→ HOW TO COMPLETE THIS TASK: No picture belongs in the answer, which must hold exactly the lines from the one with "全新原装 SN74LVC245APWR SN74LVC245" through the final line below.

[Crawled caption data]
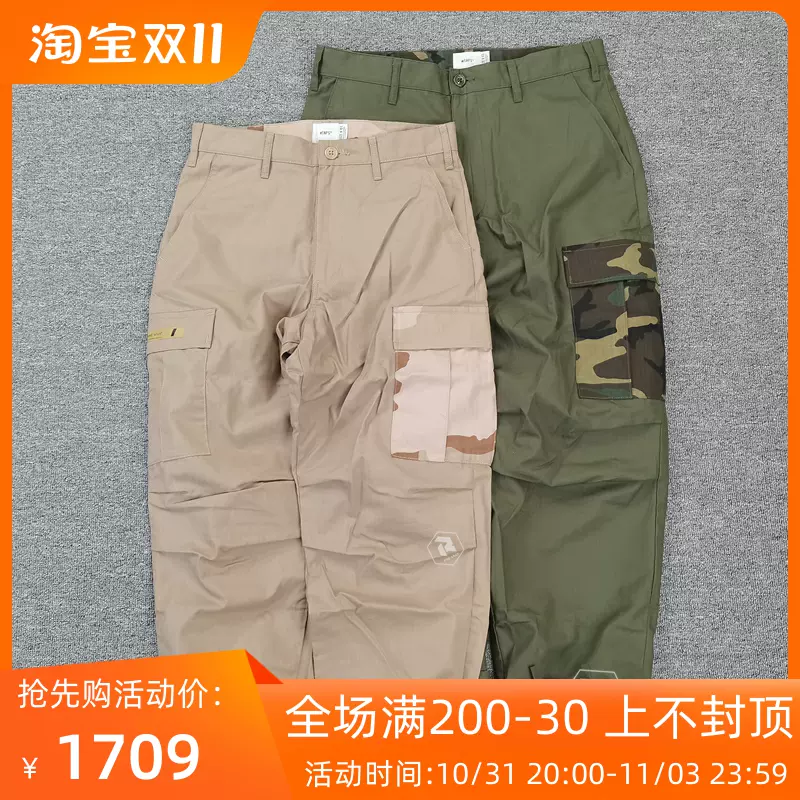 飘渺现货WTAPS JUNGLE STOCK TROUSERS COTTON大兜休闲工装裤21AW-Taobao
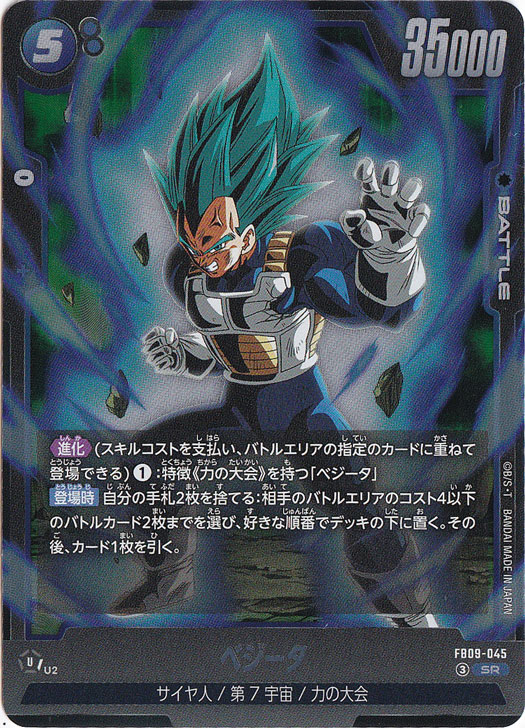 【プレイ用】ベジータ SR FB09-045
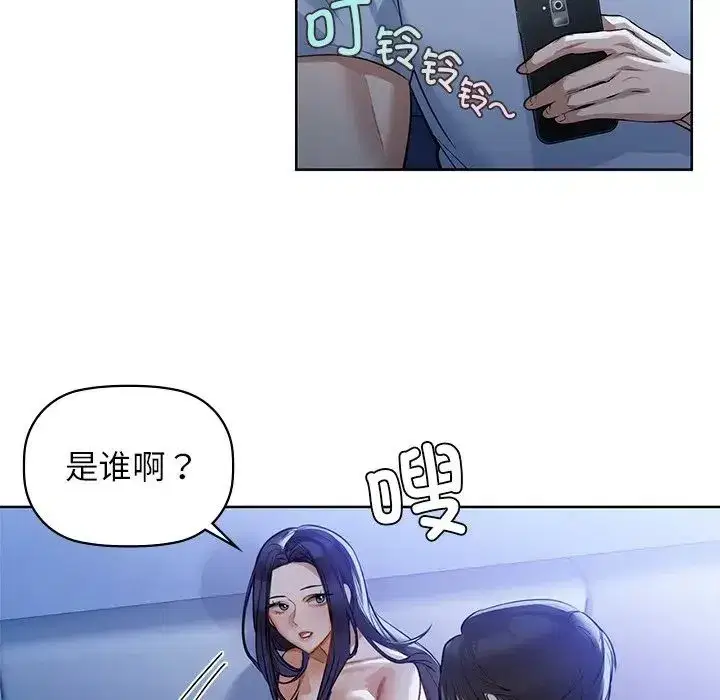 第83話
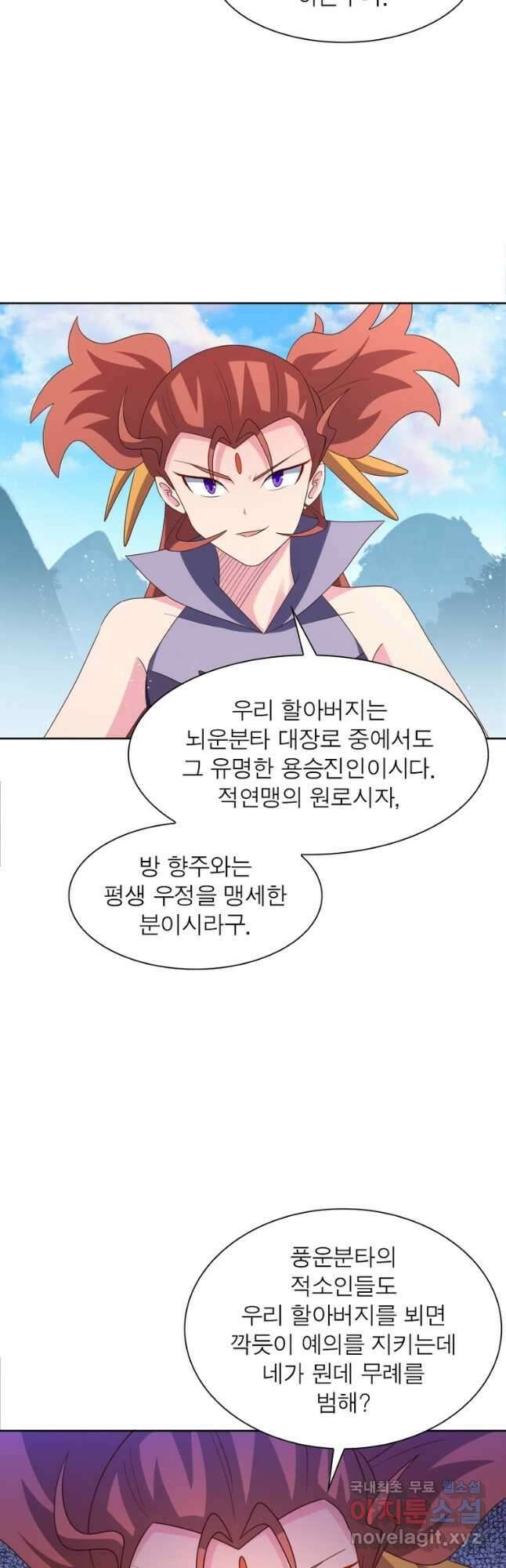 마황귀환록 254화 20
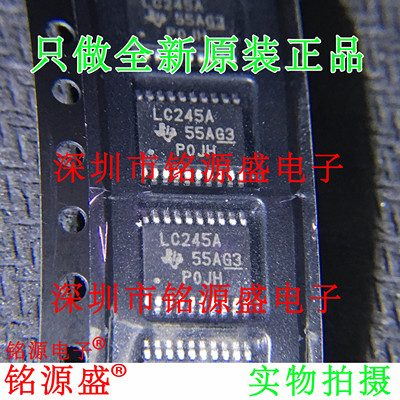 全新原装 SN74LVC245APWR SN74LVC245 丝印LC245A TSSOP20 芯片
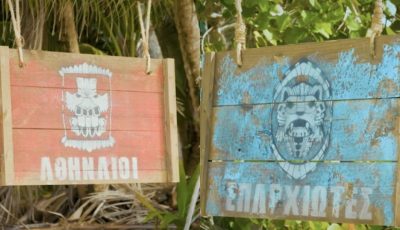 tvneaSurvivor-premiera-apopse-ston-ske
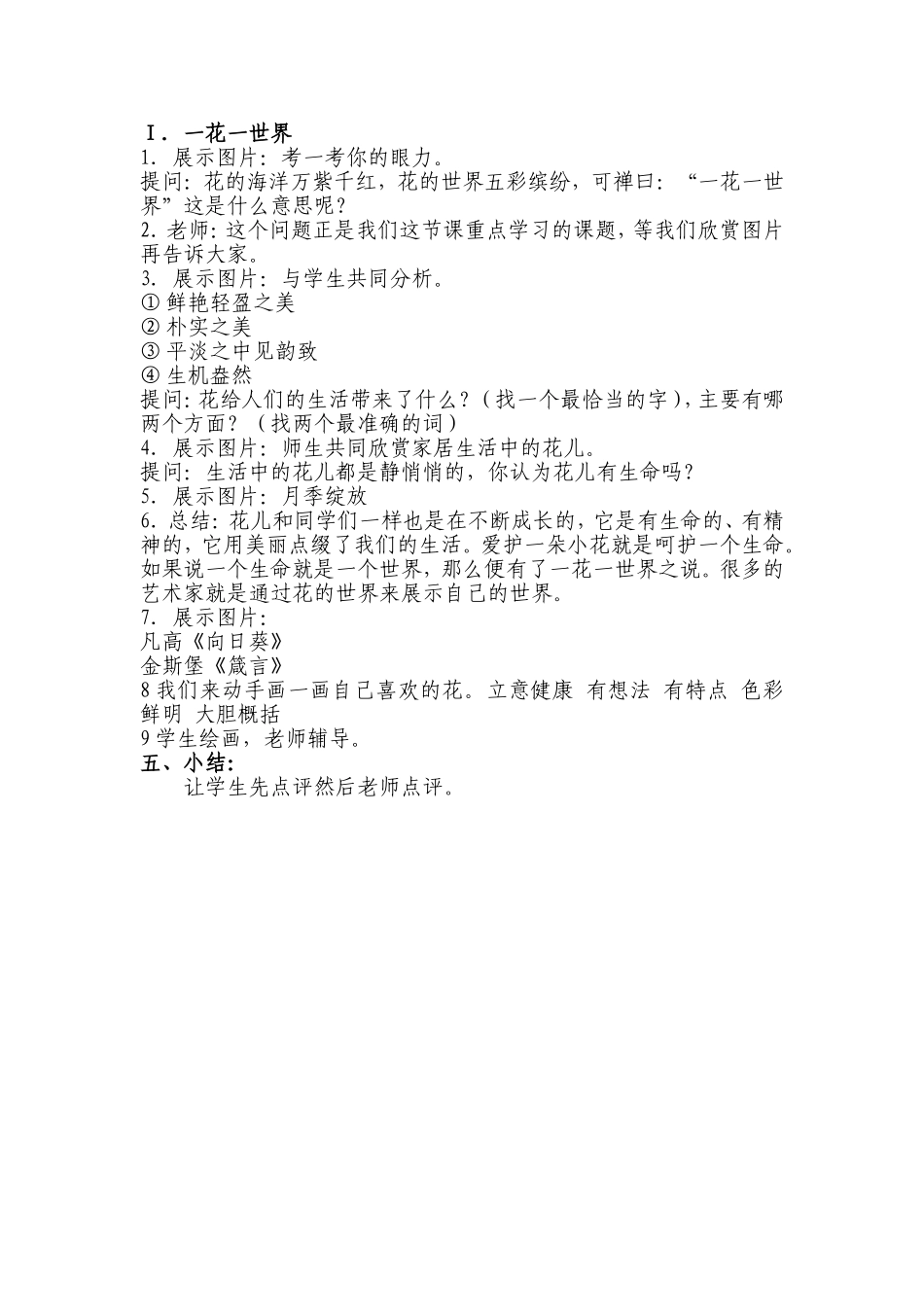 陶菊美术教学设计_第2页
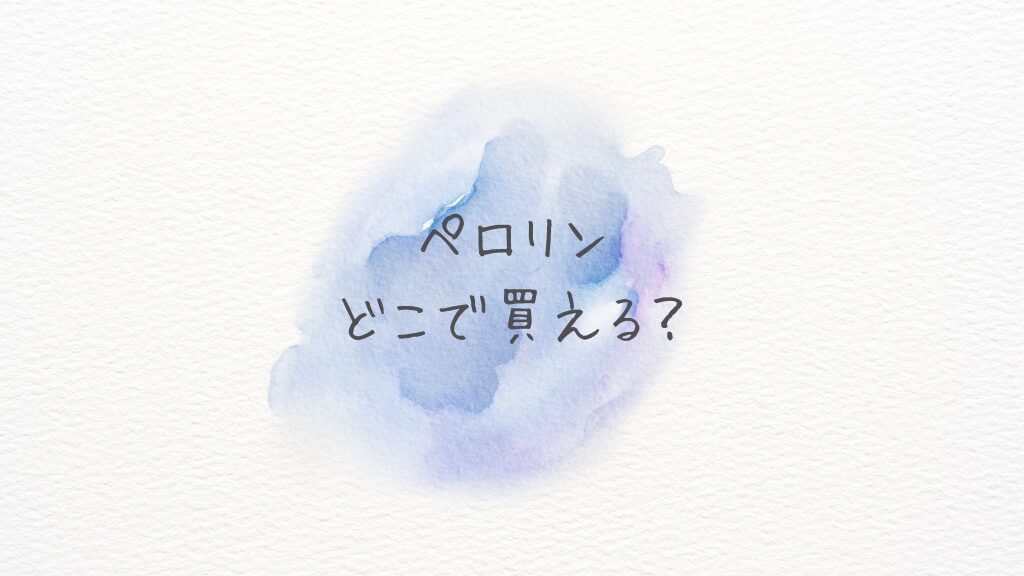 ペロリンどこで買える？どこに売ってる？Amazon・楽天で在庫あり＆最安情報まとめ
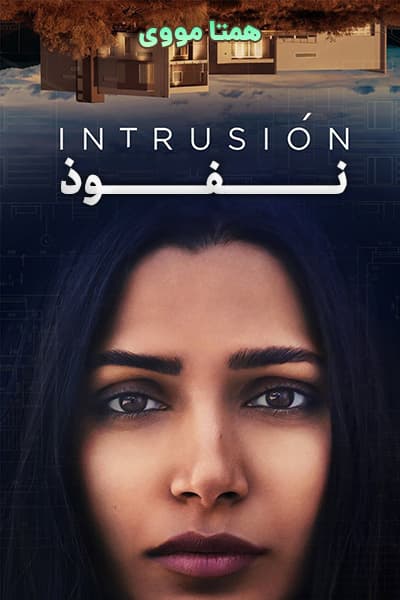 دانلود فیلم Intrusion 2021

→ RESPONSE TO THE EXERCISE:
 全新原装 SN74LVC245APWR SN74LVC245 丝印LC245A TSSOP20 芯片
 tvneaSurvivor-premiera-apopse-ston-ske
 陶菊美术教学设计_第2页
 ペロリンどこで買える？どこに売ってる？Amazon・楽天で在庫あり＆最安情報まとめ
 دانلود فیلم Intrusion 2021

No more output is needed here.